Sinistrose à tous les étages. Un magistrat qui répudie son délinquant de fils, une jeune mère dépressive partagée entre son mari et son beau-frère, un père accusé d'avoir abusé d'une adolescente, un autre voisin plus âgé soupçonné d'attouchements sur une petite fille... Ce n'est pas un immeuble que filme Nanni Moretti dans Tre Piani, mais une barque chargée de tous les malheurs du monde.

La noirceur, pourrait-on objecter, n'est pas un mal en soi lorsqu'une ou un metteur en scène particulièrement visionnaire parvient à la transcender à l'écran. Moretti, hélas, n'en propose qu'une traduction laide et neurasthénique.

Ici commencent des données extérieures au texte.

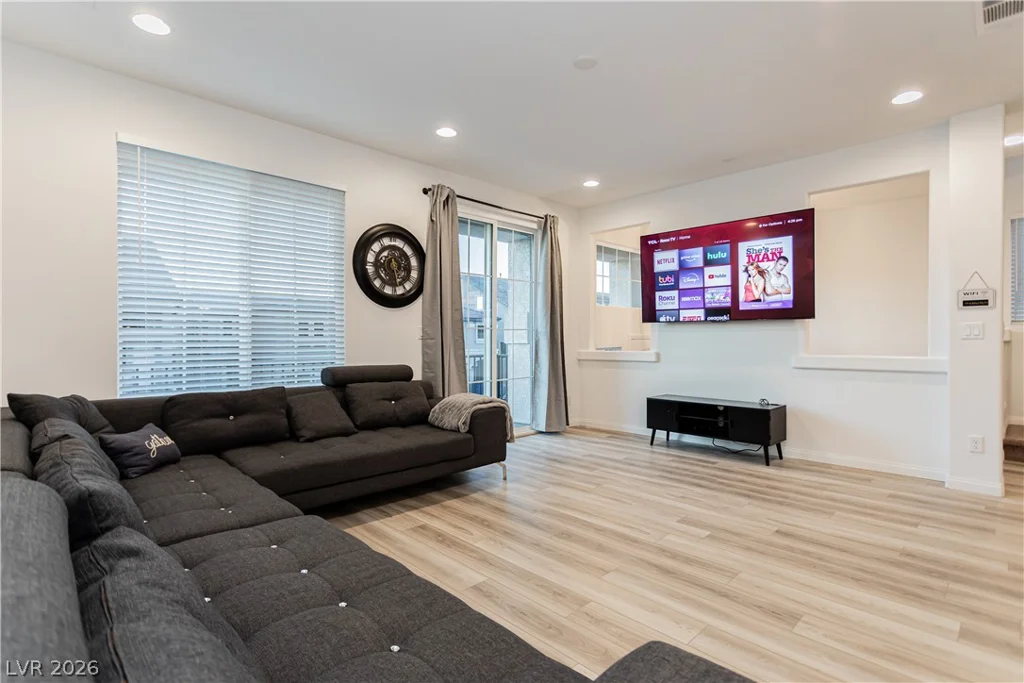 7688 Sandhaven, Las Vegas, NV 89139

Aux antipodes du si puissant et bouleversant Mia Madre, il renoue ici avec une froideur d'écriture (dont même ses films à la façade plus déjantée étaient déjà emprunts...) qui confine à la paresse.

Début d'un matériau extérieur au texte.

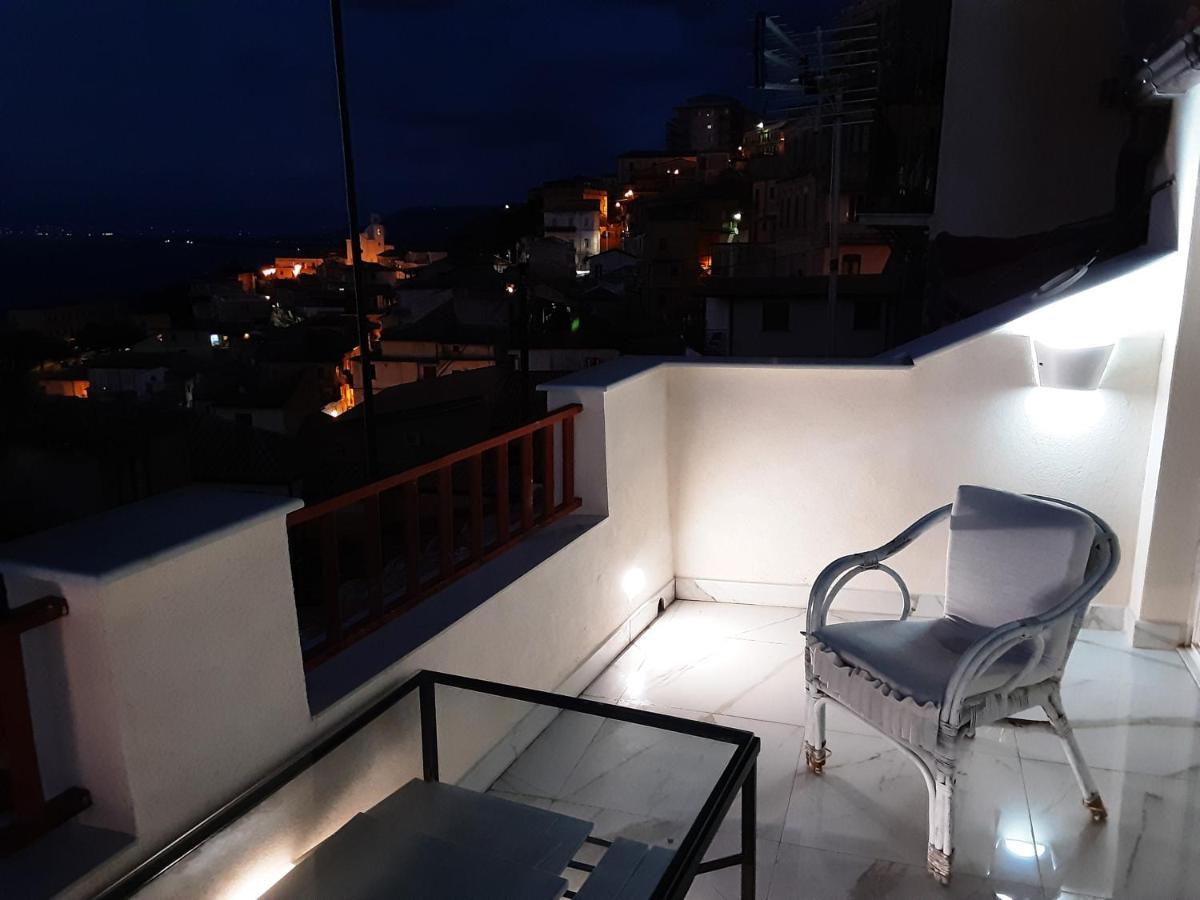 "Lo Studiolo" Apartment Πίτσο Εξωτερικό φωτογραφία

Adapté  d'un roman de l'Israélien Eshkol NevoTre Piani s'épuise surtout à tenter son époque. Opposant à des masculinités absentes ou dévoyées des femmes plus ou moins résilientes, le propos du réalisateur italien laisse aussi transparaître une hargne en sourdine pour le moins désuète lorsqu'il s'empare de thématiques dans l'air du temps, notamment lorsqu'il est question d'agressions sexuelles.

Quant à l'évocation soudaine et si maladroitement amenée des migrants, elle semble surtout renvoyer Nanni Moretti à un opportunisme de mauvais aloi sous une forme gnangnan et dépouillée de tout éclat. Subodorant que le récit touche bientôt à sa fin, notre indulgence parvient tout de même à être touchée par certaines scènes, mais l'ensemble reste globalement confondant de médiocrité et de ringardise. À se demander d'ailleurs, au hasard d'une coïncidence de sorties en salle, si Nanni Moretti n'est pas finalement plus vieux, désormais, que Clint Eastwood...

Tre Piani, Nanni Moretti, Festival de Cannes 2021, sortie en salles ce 10 novembre.